[[ GIVEN ENTRIES open ]]

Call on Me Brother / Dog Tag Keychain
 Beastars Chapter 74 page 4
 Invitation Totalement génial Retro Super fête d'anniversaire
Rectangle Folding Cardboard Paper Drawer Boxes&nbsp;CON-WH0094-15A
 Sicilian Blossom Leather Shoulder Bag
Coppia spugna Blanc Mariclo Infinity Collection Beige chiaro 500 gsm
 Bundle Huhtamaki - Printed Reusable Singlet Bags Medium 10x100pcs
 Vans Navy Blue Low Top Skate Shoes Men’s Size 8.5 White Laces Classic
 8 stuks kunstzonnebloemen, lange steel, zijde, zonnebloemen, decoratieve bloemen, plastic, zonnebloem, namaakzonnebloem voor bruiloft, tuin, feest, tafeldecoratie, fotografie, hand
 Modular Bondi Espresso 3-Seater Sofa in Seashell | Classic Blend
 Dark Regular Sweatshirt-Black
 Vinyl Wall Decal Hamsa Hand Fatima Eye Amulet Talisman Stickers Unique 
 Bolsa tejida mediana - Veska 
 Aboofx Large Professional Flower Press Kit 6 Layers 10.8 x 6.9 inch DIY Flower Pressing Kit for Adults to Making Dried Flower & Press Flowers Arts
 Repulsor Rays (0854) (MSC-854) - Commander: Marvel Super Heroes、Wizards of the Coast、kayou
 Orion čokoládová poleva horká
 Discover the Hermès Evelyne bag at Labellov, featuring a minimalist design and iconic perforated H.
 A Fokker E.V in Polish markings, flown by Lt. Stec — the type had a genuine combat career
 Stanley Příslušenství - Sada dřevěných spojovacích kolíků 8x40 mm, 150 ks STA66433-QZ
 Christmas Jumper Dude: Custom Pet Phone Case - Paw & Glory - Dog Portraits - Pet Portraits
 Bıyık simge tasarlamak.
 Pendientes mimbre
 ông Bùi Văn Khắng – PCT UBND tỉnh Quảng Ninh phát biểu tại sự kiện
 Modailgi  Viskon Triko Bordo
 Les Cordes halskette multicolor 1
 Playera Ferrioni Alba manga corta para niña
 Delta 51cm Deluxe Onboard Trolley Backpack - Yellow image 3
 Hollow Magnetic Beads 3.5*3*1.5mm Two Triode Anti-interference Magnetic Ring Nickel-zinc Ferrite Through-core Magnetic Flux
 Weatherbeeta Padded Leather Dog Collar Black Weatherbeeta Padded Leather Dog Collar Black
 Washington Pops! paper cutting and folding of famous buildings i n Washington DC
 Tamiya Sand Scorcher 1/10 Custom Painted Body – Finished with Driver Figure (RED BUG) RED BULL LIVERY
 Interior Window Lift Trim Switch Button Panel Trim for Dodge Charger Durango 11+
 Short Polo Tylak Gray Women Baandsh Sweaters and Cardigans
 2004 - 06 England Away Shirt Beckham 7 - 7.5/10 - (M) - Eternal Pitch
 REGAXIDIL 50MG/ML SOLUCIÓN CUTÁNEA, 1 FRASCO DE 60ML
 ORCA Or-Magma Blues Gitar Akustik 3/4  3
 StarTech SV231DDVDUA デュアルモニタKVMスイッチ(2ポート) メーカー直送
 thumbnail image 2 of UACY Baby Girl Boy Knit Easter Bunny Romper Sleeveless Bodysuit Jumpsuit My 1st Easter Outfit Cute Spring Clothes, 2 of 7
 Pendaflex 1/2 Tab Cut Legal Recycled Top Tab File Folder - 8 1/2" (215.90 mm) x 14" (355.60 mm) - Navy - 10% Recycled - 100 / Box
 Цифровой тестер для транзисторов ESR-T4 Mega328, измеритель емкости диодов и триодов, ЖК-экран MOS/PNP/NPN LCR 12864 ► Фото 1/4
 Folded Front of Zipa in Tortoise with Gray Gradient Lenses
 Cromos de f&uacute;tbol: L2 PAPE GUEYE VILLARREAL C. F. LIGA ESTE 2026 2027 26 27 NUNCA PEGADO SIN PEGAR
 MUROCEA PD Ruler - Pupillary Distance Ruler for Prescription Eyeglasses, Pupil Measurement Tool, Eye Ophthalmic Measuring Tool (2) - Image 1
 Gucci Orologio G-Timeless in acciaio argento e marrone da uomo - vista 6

[[ GIVEN ENTRIES closed ]]

DESCRIPTION OF THE TASK:
Transcribe the entire listing above exactly.

SOLUTION TO THE PROBLEM:
Call on Me Brother / Dog Tag Keychain
 Beastars Chapter 74 page 4
 Invitation Totalement génial Retro Super fête d'anniversaire
Rectangle Folding Cardboard Paper Drawer Boxes&nbsp;CON-WH0094-15A
 Sicilian Blossom Leather Shoulder Bag
Coppia spugna Blanc Mariclo Infinity Collection Beige chiaro 500 gsm
 Bundle Huhtamaki - Printed Reusable Singlet Bags Medium 10x100pcs
 Vans Navy Blue Low Top Skate Shoes Men’s Size 8.5 White Laces Classic
 8 stuks kunstzonnebloemen, lange steel, zijde, zonnebloemen, decoratieve bloemen, plastic, zonnebloem, namaakzonnebloem voor bruiloft, tuin, feest, tafeldecoratie, fotografie, hand
 Modular Bondi Espresso 3-Seater Sofa in Seashell | Classic Blend
 Dark Regular Sweatshirt-Black
 Vinyl Wall Decal Hamsa Hand Fatima Eye Amulet Talisman Stickers Unique 
 Bolsa tejida mediana - Veska 
 Aboofx Large Professional Flower Press Kit 6 Layers 10.8 x 6.9 inch DIY Flower Pressing Kit for Adults to Making Dried Flower & Press Flowers Arts
 Repulsor Rays (0854) (MSC-854) - Commander: Marvel Super Heroes、Wizards of the Coast、kayou
 Orion čokoládová poleva horká
 Discover the Hermès Evelyne bag at Labellov, featuring a minimalist design and iconic perforated H.
 A Fokker E.V in Polish markings, flown by Lt. Stec — the type had a genuine combat career
 Stanley Příslušenství - Sada dřevěných spojovacích kolíků 8x40 mm, 150 ks STA66433-QZ
 Christmas Jumper Dude: Custom Pet Phone Case - Paw & Glory - Dog Portraits - Pet Portraits
 Bıyık simge tasarlamak.
 Pendientes mimbre
 ông Bùi Văn Khắng – PCT UBND tỉnh Quảng Ninh phát biểu tại sự kiện
 Modailgi  Viskon Triko Bordo
 Les Cordes halskette multicolor 1
 Playera Ferrioni Alba manga corta para niña
 Delta 51cm Deluxe Onboard Trolley Backpack - Yellow image 3
 Hollow Magnetic Beads 3.5*3*1.5mm Two Triode Anti-interference Magnetic Ring Nickel-zinc Ferrite Through-core Magnetic Flux
 Weatherbeeta Padded Leather Dog Collar Black Weatherbeeta Padded Leather Dog Collar Black
 Washington Pops! paper cutting and folding of famous buildings i n Washington DC
 Tamiya Sand Scorcher 1/10 Custom Painted Body – Finished with Driver Figure (RED BUG) RED BULL LIVERY
 Interior Window Lift Trim Switch Button Panel Trim for Dodge Charger Durango 11+
 Short Polo Tylak Gray Women Baandsh Sweaters and Cardigans
 2004 - 06 England Away Shirt Beckham 7 - 7.5/10 - (M) - Eternal Pitch
 REGAXIDIL 50MG/ML SOLUCIÓN CUTÁNEA, 1 FRASCO DE 60ML
 ORCA Or-Magma Blues Gitar Akustik 3/4  3
 StarTech SV231DDVDUA デュアルモニタKVMスイッチ(2ポート) メーカー直送
 thumbnail image 2 of UACY Baby Girl Boy Knit Easter Bunny Romper Sleeveless Bodysuit Jumpsuit My 1st Easter Outfit Cute Spring Clothes, 2 of 7
 Pendaflex 1/2 Tab Cut Legal Recycled Top Tab File Folder - 8 1/2" (215.90 mm) x 14" (355.60 mm) - Navy - 10% Recycled - 100 / Box
 Цифровой тестер для транзисторов ESR-T4 Mega328, измеритель емкости диодов и триодов, ЖК-экран MOS/PNP/NPN LCR 12864 ► Фото 1/4
 Folded Front of Zipa in Tortoise with Gray Gradient Lenses
 Cromos de f&uacute;tbol: L2 PAPE GUEYE VILLARREAL C. F. LIGA ESTE 2026 2027 26 27 NUNCA PEGADO SIN PEGAR
 MUROCEA PD Ruler - Pupillary Distance Ruler for Prescription Eyeglasses, Pupil Measurement Tool, Eye Ophthalmic Measuring Tool (2) - Image 1
 Gucci Orologio G-Timeless in acciaio argento e marrone da uomo - vista 6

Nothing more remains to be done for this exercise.